Monday, January 26, 2009

January II 2009

Last minute events and time with my east coast friends has made moving a whirlwind of activities. Photos from the party that Broward County Butterfly Club chapter of the North American Butterfly Association gave for me after my presentation, “Heavenly Hairstreaks and Beautiful Blues” are available to see. I will miss my wonderful friends from BCBC very much, but they have promised to make a field trip visit to me and the amazingly pristine Preserves where I will be working.

This is a photograph of an intriguing little moth called a Scarlet-Bodied Wasp Moth, (Cosmosoma myrodora). This beautiful moth, with coloration very similar to the atala butterfly, hangs out with the colonies of atalas in the Bahamas. This photo was taken on Andros Island, where atalas and the moths were nectaring on Hempvine (Mikania scandens). I have many photos of them both nectaring together on the masses of wildflowers surrounding the pine rocklands in the yet-undisturbed areas (at least the areas have been undisturbed for a hundred years, since the last clear-cutting of the pines during the late 1800’s and early 1900’s). Another close up can be found at Butterflies and Moths of North America. Art Constantino found the moth on his Beebalm in Fort Lauderdale.

Art's butterfly garden is a wondrous site, and he's been complaining to me that the Monarchs are bossing around the other butterflies; he is plant-sitting my milkweed plants for a few weeks, until I get situated into my new place. In return, though, he gets cuttings and an opportunity to propagate many more milkweed plants for members of Broward NABA and Master Gardeners.

I spent a delightful afternoon walking “The Ridge” with my friend Roberta Shaw, an incredible wildlife photographer and artist. Roberta has been doing “Critter Tales” programs for many years and her work is well known here in South Florida. The link has a lot of neat humane and wildlife education materials to download for free! The Ridge connects to Tree Tops Park, another beautiful oak hammock in west Broward County. We took the time to chat with a few young friends we knew who were doing a special school assignment about pine trees. There are quite a few old pines still to be found scattered along the Ridge, so we could help them out with some questions.
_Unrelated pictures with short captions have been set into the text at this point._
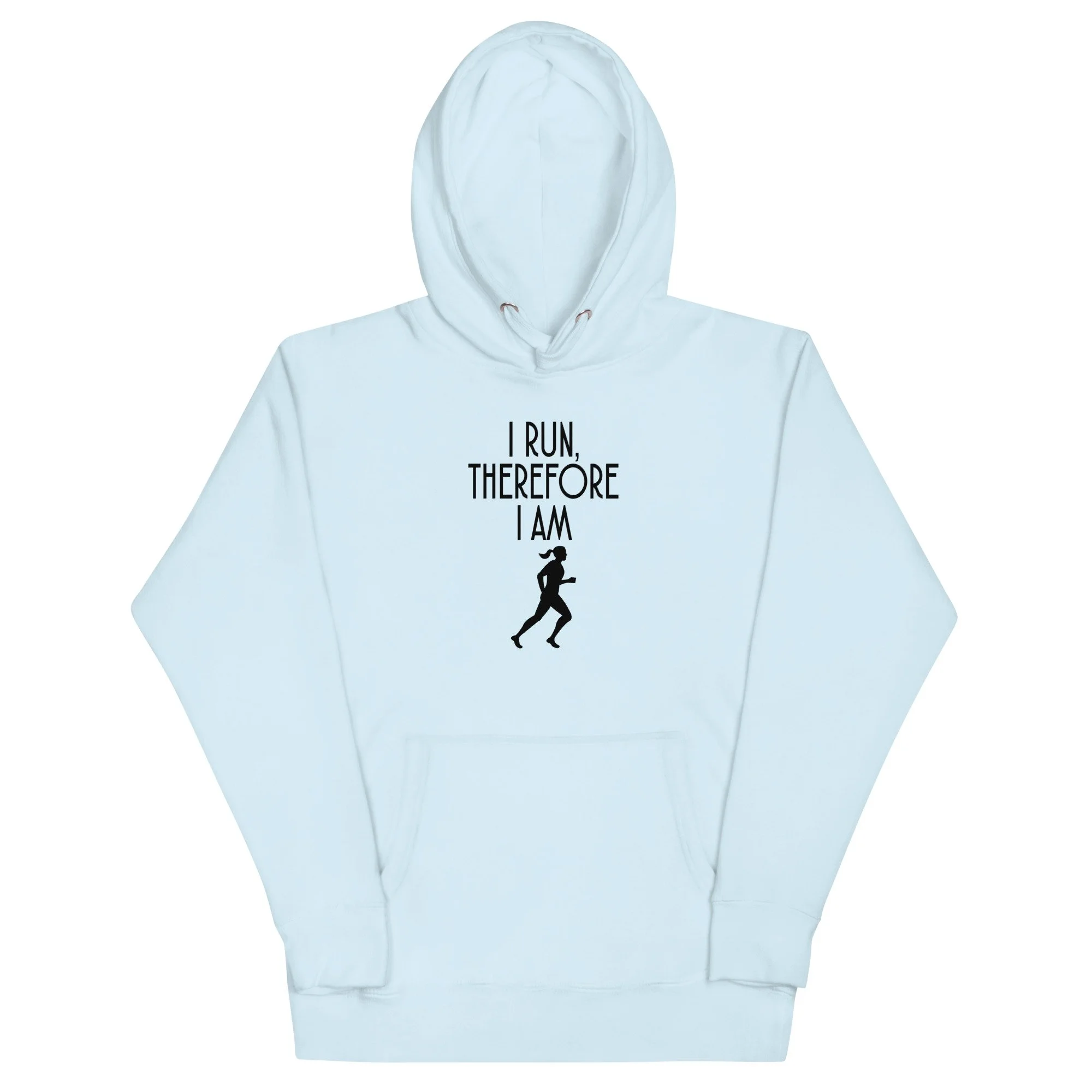 unisex-premium-hoodie-sky-blue-front-6526dea0aab38.jpg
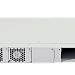 MES3308F – Коммутатор агрегации 8 портов 1G SFP, 4 порта 10G SFP Eltex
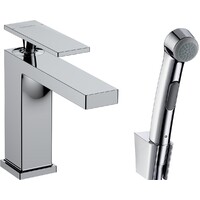 Hansgrohe Tecturis E 73210000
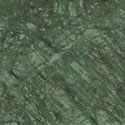 Sea Green Marble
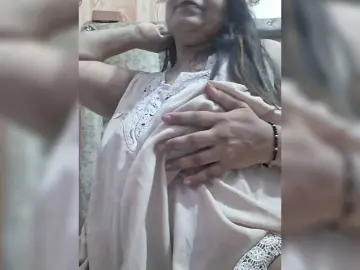 Riyaroy-2  live sex cam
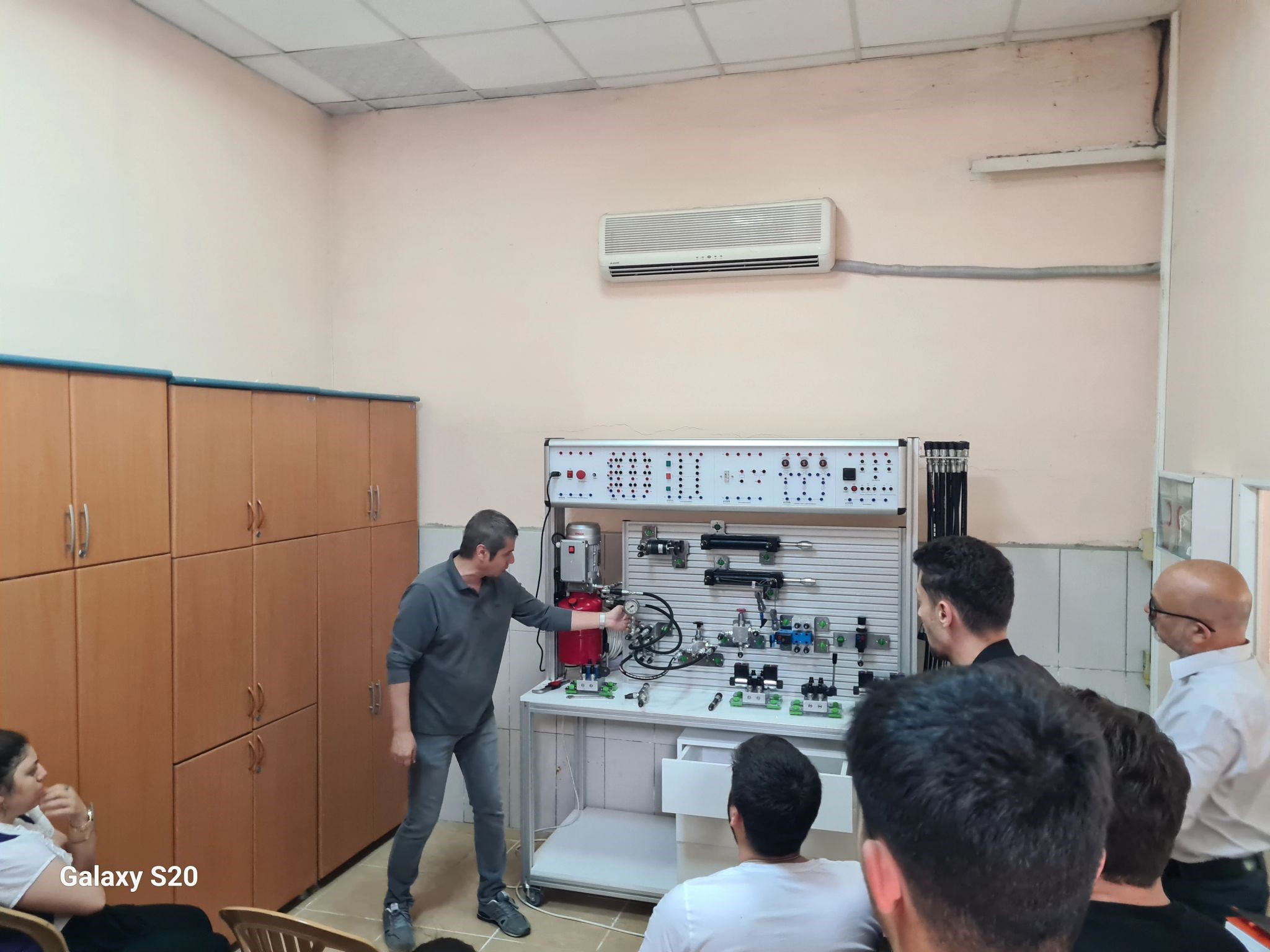 Namık Kemal Üniversitesi0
All of south Florida along the “Atlantic Coastal Ridge” used to have thick forests of pines and oaks. The Atlantic Coastal Ridge was a narrow strip of higher-drier land (6-10 miles wide) that extended from Jacksonville down to the Keys, but as far back as the very first explorers, these magnificent trees were simply seen as a resource to be exploited. Most of our glorious ‘resources’ were promptly cut down (here and in the Bahamas). The pines, especially, were hardy, tall, straight and strong, having grown up in the adverse environmental conditions of thin soils, limestone substrates, alternating droughts and floods, and seasonal hurricanes as well! This made our famous “Dade County Pines” (Pinus elliotii var. densa) extremely tough, termite resistant, and dense. The wood was so hard that it had to be drilled before it could be nailed, or it would break the nails!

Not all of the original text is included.